The professor-student relationship is a fickle thing. Every semester, students take classes with a completely new set of professors, often with the large class sizes that are common at the University of Texas. There are barriers toward forming relationships in the classroom, the biggest being the lectern. This divides students from professors.
While office hours exist for homework help or the occasional conversation, they do not provide the best opportunity for making meaningful connections with professors.
“Office hours are built on asking professors for homework help, but for those who work individually it can feel unnatural,” finance junior Cameron Hoglund said. “The last thing I want to do is make silly mistakes in front of my professor, or go to office hours and not end up needing help.”
But there is another way to develop relationships between students and professors, and it is something that the McCombs School of Business has been doing for years: collaborative research.

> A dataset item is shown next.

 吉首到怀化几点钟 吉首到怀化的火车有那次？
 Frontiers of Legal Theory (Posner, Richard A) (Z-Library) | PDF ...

Collaborative research entails undergraduate students working alongside faculty on whatever research project that faculty member is working on. Subjects can range from analysis of financial filings to the similarities between a leader and their second-in-command and how it affects group outcomes.
At the moment, only a few chosen students are able to take part in research projects across campus. According to a recent survey, 72% of undergraduates did not participate in research. The University should make collaborative research a part of the curriculum for any class that can accommodate it to give more students the chance to participate.

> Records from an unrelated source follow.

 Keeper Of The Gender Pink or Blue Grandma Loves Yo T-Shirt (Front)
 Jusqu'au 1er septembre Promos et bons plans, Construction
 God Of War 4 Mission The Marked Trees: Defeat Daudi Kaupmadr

“Programs that enable student-faculty collaboration are a win-win for both faculty and students,” assistant professor of management Steven Gray said. “From the student’s perspective, helping faculty with a research project can offer insight into whether academia is an appealing career path. In addition, collaborating on a research project allows students to develop highly transferable skills that will help them in their career.”
In addition to benefiting the future careers of students, the program helps undergraduates by developing relationships with professors during the time of study.
“It makes them seem more human,” said marketing senior Ally Wiley, a participant in the program. “I think it solidifies your understanding because you feel like you can ask them anything and they know you well enough to know how best to explain things to you, etc. Also, working in an environment outside the classroom takes the pressure off to perform well and quickly in class.”
Students are not the only ones who benefit from collaborative research. The faculty members involved have much to gain as well. Apart from the help on research projects, getting to know students can deepen the educational experience for everyone involved.
“From a faculty perspective, I always learn something about what students are learning in their classes,” management professor David Harrison said. “I get a sense of what they’re like, what their interests are, what they are learning about business in McCombs and what their career ventures are.”
At best, students get a new look at education and may find a passion for research and academia. At worst, they have a chance to engage in the material in a less theoretical and more practical way.
“Lots of other schools have bigger programs, and many, many professors have labs in other sciences full of undergraduate students who are part of the research process,” Harrison said. “It’s really a lot of fun, and I think the more normative or typical it was, all of us would get more out of it.”
It’s time to break down barriers and move away from the lectern. Why not have students and professors do it together?
Layton is a marketing senior from Corpus Christi.